Un dresseur qui passait à proximité s’approcha de nous et me raconta l’histoire que je viens de vous narrer.
L’éléphant n’était pas pas prisonnier de la chaîne mais plutôt de son esprit, un esprit qui le limitait et lui faisait croire que jamais il ne briserait sa chaîne puisqu’il n’était jamais parvenu à le faire.

Tout comme l’éléphant, nous avons tous grandi dans des environnements où on nous disait faire ceci est impossible et quand tu demandais les raisons, les gens avaient du mal à l’expliquer ou la réponse laconique qu’on donnait c’est que certains avaient essayé il y a plusieurs années mais face à la défaite, tout le monde avait fini par se dire que c’est impossible à faire.
Vous avez sûrement déjà entendu que se départir de la corruption était impossible en CI puisqu’on a tous grandi avec cela en tête. Que monter son entreprise était impossible en Afrique car plusieurs s’y étaient cassé les dents. Il était impossible d’avoir un constructeur automobile africain car cela demandait beaucoup de moyens et une expertise que nous n’avions pas. Qu’il était impossible qu’un pays se développe en moins d’un siècle car les occidentaux ont mis plusieurs siècles à le faire. Que la Coupe du Monde ne serait jamais africaine, qu’aucun africain ne pourra jamais gagner une médaille en Or Olympique, qu’aucune entreprise africaine ne peut dominer le marché mondial dans un secteur, etc. La liste est longue et je vous laisse la compléter.

Ce qui s’apparente à un constat d’échec avant même d’avoir combattu est juste lié au fait que comme l’éléphanteau, à un moment où nous n’étions pas encore forts pour mener un combat, nous nous sommes retrouvés face à une situation d’échec et comme l’échec nous enseigne trop souvent qu’il faut abandonner rapidement, nous avons jeté l’éponge.
Je le dis souvent, il n’y a pas de génération spontanée. La seule voie du succès c’est d’investir dans des projets à long terme, dans des pépinières d’entreprises, dans des athlètes qui seraient sélectionnés très jeunes, suivis et coachés correctement, etc.

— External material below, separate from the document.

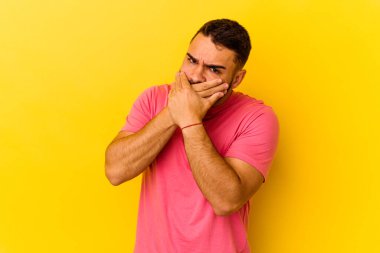 Sarı arka planda izole edilmiş genç beyaz adam elleri endişeli bir şekilde ağzı örtüyor..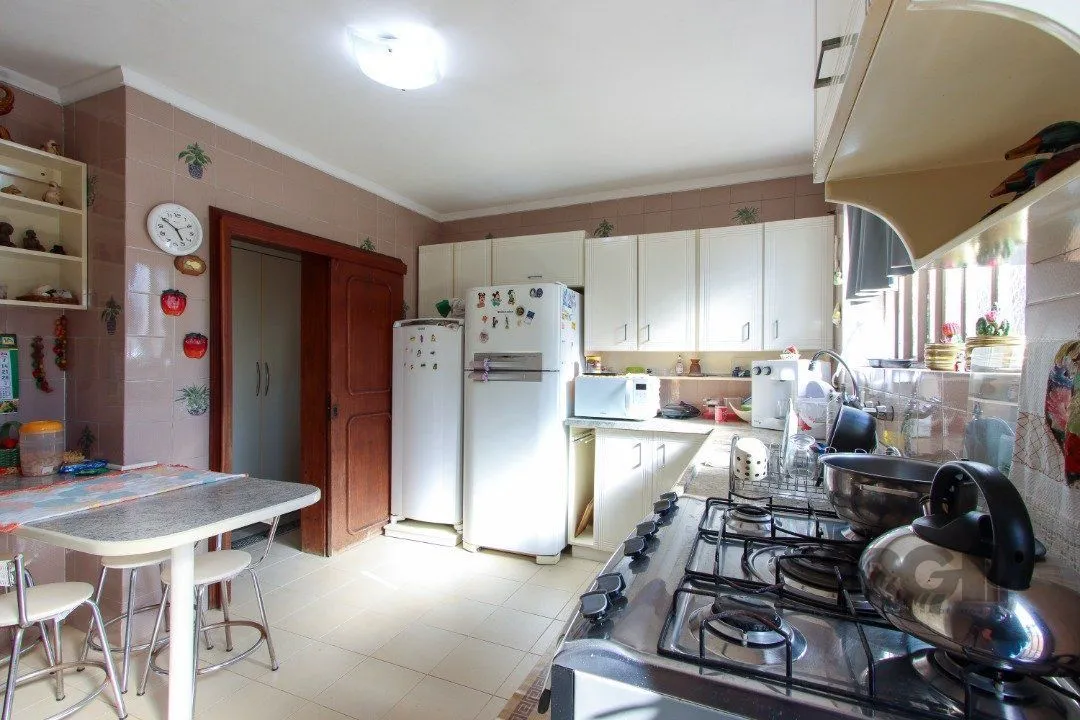 Imagem Casa a venda com 03 dormitórios, living 03 ambientes com vista para o Rio.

A cela s’ajoute le fait que nous n’avons pas la culture de l’échec. On nous apprend très tôt que nous ne devons pas échouer sinon nous serons sanctionnés soit par des mauvaises notes soit par des réprimandes. Pourtant l’échec a des vertus. On apprend plus des échecs que des succès. La vertu de l’échec c’est de nous offrir un temps d’arrêt, d’examen, de retour sur soi. Nous donner l’opportunité de comprendre et de pouvoir surmonter les obstacles pour avancer. La réussite est toujours une succession d’échecs et de succès mais on en reparlera…

Si vous vous dites que c’est impossible dites vous que certains l’ont fait alors pourquoi pas nous et repensez à l’histoire de Dumbo, mon éléphant du cirque Bouglione.